INPUT FOR THIS TASK:
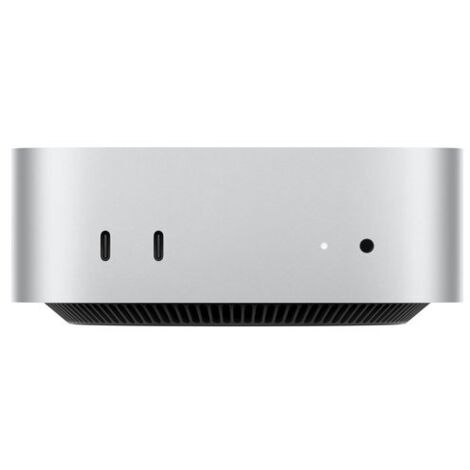 Apple Mac mini - Chip M4 10-core CPU, 10-core GPU, 16GB, 512GB SSD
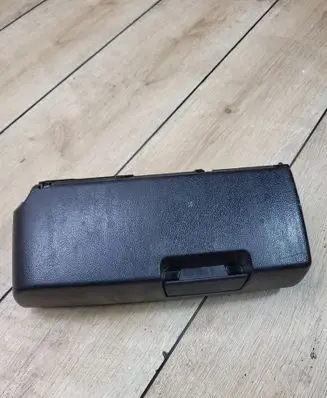 Mercedes-Benz E W212 Front trunk storage compartment A2128810123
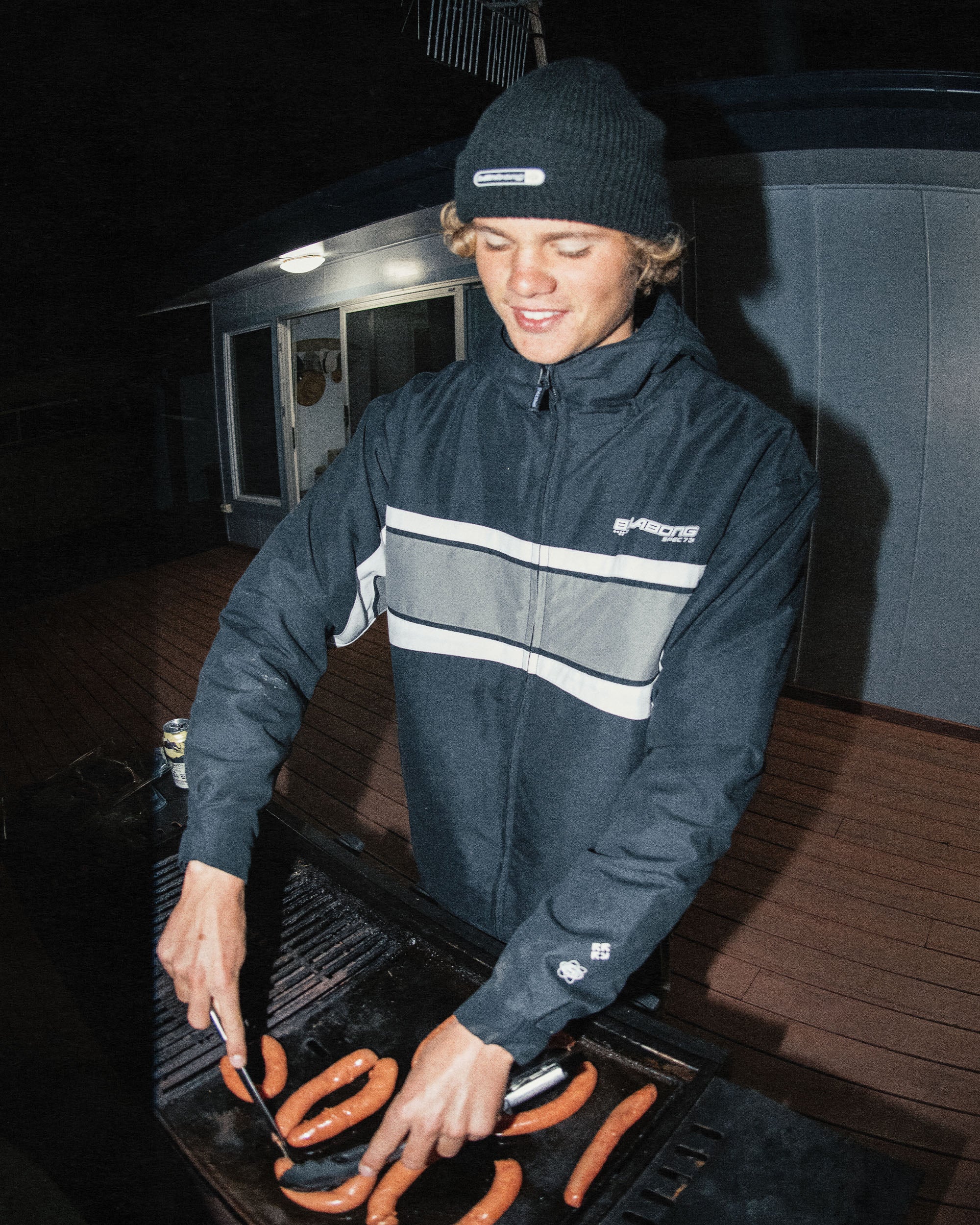 Mens Fluid 2K Jacket - Image 2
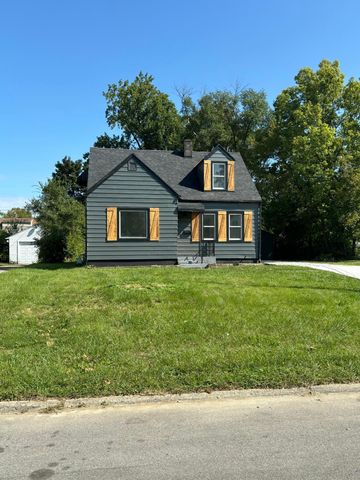 2476 Argyle Drive, Columbus, OH 43219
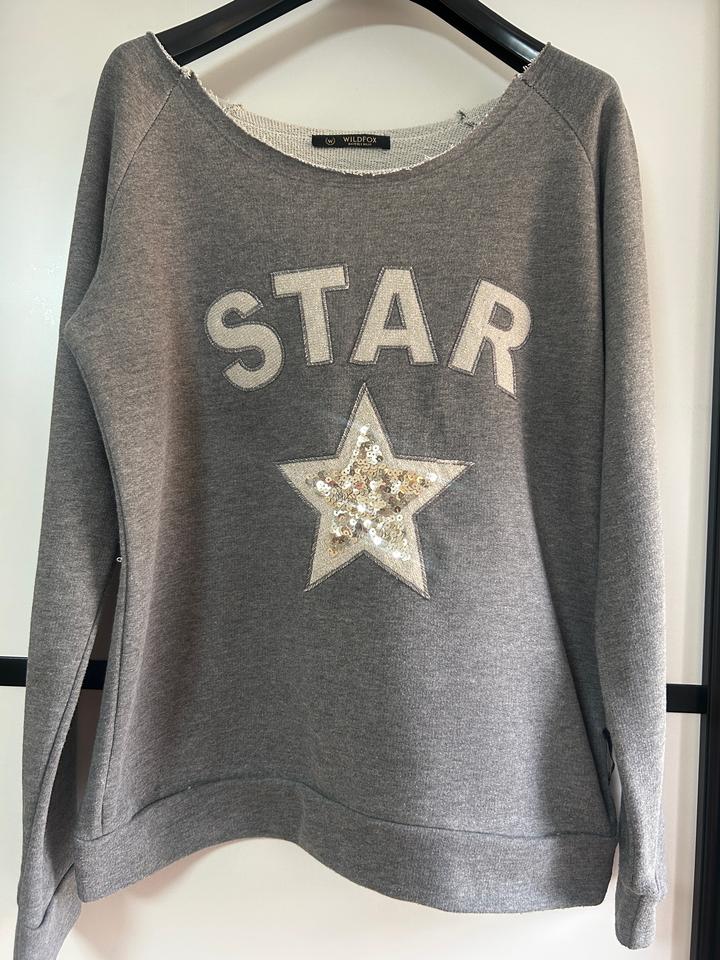 Wildfox
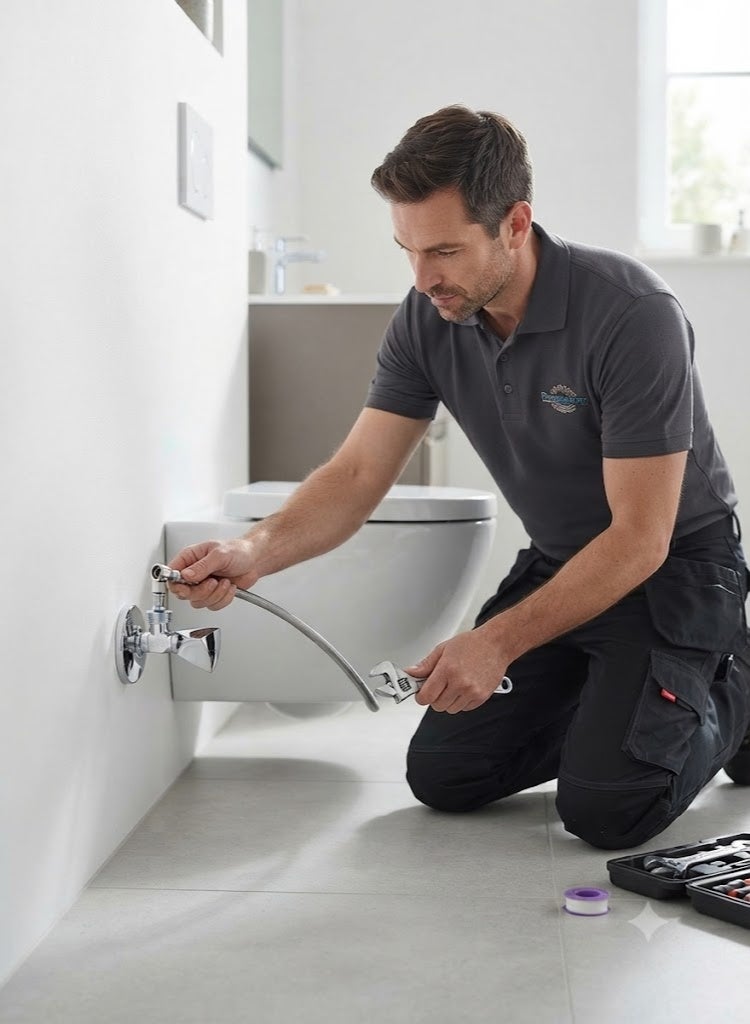 GROHE Bathroom Fixtures, Angle Valve , 22940000 - Image 3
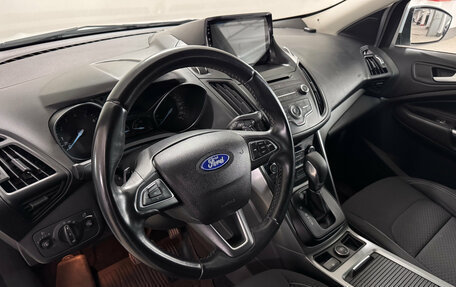 Ford Kuga III, 2018 год, 1 649 000 рублей, 7 фотография
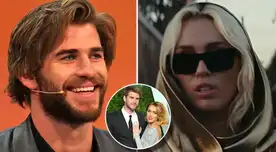 Liam Hemsworth tomará medidas legales de Miley Cyrus.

EXERCISE OBJECTIVE: When you reproduce the material, keep every word exact and leave each picture out.

EXERCISE RESPONSE:
 Apple Mac mini - Chip M4 10-core CPU, 10-core GPU, 16GB, 512GB SSD
 Mercedes-Benz E W212 Front trunk storage compartment A2128810123
 Mens Fluid 2K Jacket - Image 2
 2476 Argyle Drive, Columbus, OH 43219
 Wildfox
 GROHE Bathroom Fixtures, Angle Valve , 22940000 - Image 3
 Ford Kuga III, 2018 год, 1 649 000 рублей, 7 фотография
 Liam Hemsworth tomará medidas legales de Miley Cyrus.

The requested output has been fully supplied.